627, 632 et 637

La « clé » qui ouvre le puits de l’abîme est la bataille de Ninive, accomplie en 627, cinq ans avant la mort de Mahomet en 632. Cinq ans plus tard, en 637, les forces musulmanes s’emparèrent de la capitale de la Perse, l’une des deux grandes superpuissances qui s’étaient engagées dans la bataille de Ninive. Cet événement modifia de façon spectaculaire l’équilibre des puissances au Moyen-Orient. La bataille de Ninive, en 627, épuisa la force de l’Empire perse, et dix ans plus tard l’Empire perse prit fin.

Humiliation — 782

Cent cinquante ans après la mort de Mohammed en 632, lors de la campagne abbasside de 782, l’armée abbasside (forte, dit-on, d’environ 95 000 hommes) lança une invasion massive en territoire byzantin, en Asie Mineure (la Turquie actuelle). Elle s’avança jusqu’à Chrysopolis, juste de l’autre côté du détroit du Bosphore par rapport à Constantinople, s’approchant de très près de la capitale byzantine. Les Byzantins, sous le règne de l’impératrice Irène, subirent une grave défaite. En conséquence, ils furent contraints de signer une trêve humiliante de trois ans, acceptant de payer un important tribut annuel (d’environ 70 000 à 90 000 dinars d’or) et de livrer des vêtements de soie ainsi que des otages. Cette campagne fut l’une des incursions abbassides les plus vastes et les plus victorieuses en territoire byzantin au cours du VIIIe siècle. Elle mit en évidence la puissance croissante du califat abbasside et le déclin continu de l’Empire byzantin.

Cinq mois

Dans le chapitre neuf de l’Apocalypse, les « cinq mois », qui équivalent à cent cinquante ans, sont mentionnés deux fois : une fois au verset cinq, et de nouveau au verset dix.
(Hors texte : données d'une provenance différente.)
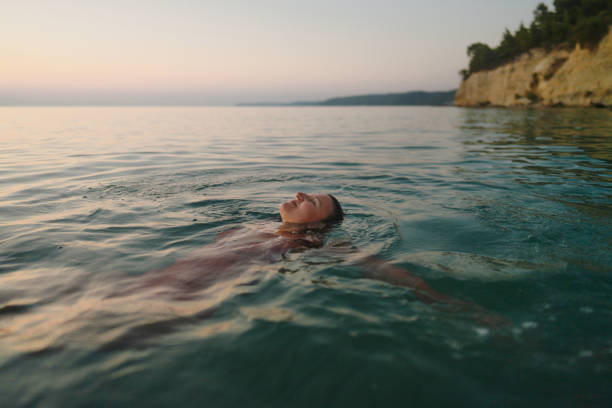 istock Swimming in the calm sea water 2188423402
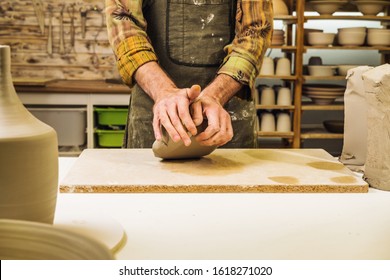 Potter In Workshop Preparing Material Clay For Ceramics. Creating Pottery Art And Handicraft. Hands Detail. No Face.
Et il leur fut donné, non de les tuer, mais de les tourmenter pendant cinq mois ; et leur tourment était comme le tourment du scorpion, lorsqu’il frappe un homme. En ces jours-là, les hommes chercheront la mort et ne la trouveront point ; ils désireront mourir, et la mort s’enfuira loin d’eux. Et l’aspect des sauterelles était semblable à celui de chevaux préparés pour le combat ; sur leurs têtes, il y avait comme des couronnes semblables à de l’or, et leurs visages étaient comme des visages d’hommes. Elles avaient des cheveux comme des cheveux de femmes, et leurs dents étaient comme des dents de lions. Elles avaient des cuirasses comme des cuirasses de fer ; et le bruit de leurs ailes était comme le bruit de chars tirés par plusieurs chevaux courant au combat. Elles avaient des queues semblables à des scorpions, et il y avait dans leurs queues des aiguillons ; et leur pouvoir était de nuire aux hommes pendant cinq mois. Apocalypse 9:5–10.

Il y a, dans la cinquième trompette d’Apocalypse neuf, deux périodes prophétiques distinctes de cent cinquante ans. La première s’étend depuis la mort de Mahomet, en 632, jusqu’à l’humiliation de l’impératrice Irène de l’Empire romain d’Orient, en 782. Le chapitre neuf identifie l’essor de l’islam d’une manière très détaillée. Depuis l’unification des tribus en 606, jusqu’à la bataille de Ninive en 627, jusqu’à la mort de Mahomet en 632, puis jusqu’à la défaite de la Perse en 637, l’essor et le déclin de l’islam sont soigneusement retracés dans la Parole prophétique de Dieu. L’islam d’Arabie est la puissance visée dans la première prophétie de tourment de cent cinquante ans. L’unification des tribus par Mahomet en 606 ; puis la bataille « clé » de Ninive en 627, suivie de la prédiction de Mahomet concernant la disparition tant de la Perse que de Rome vers 628, puis sa mort en 632. Ces dates représentent une séquence précise d’événements dans la lignée de l’islam.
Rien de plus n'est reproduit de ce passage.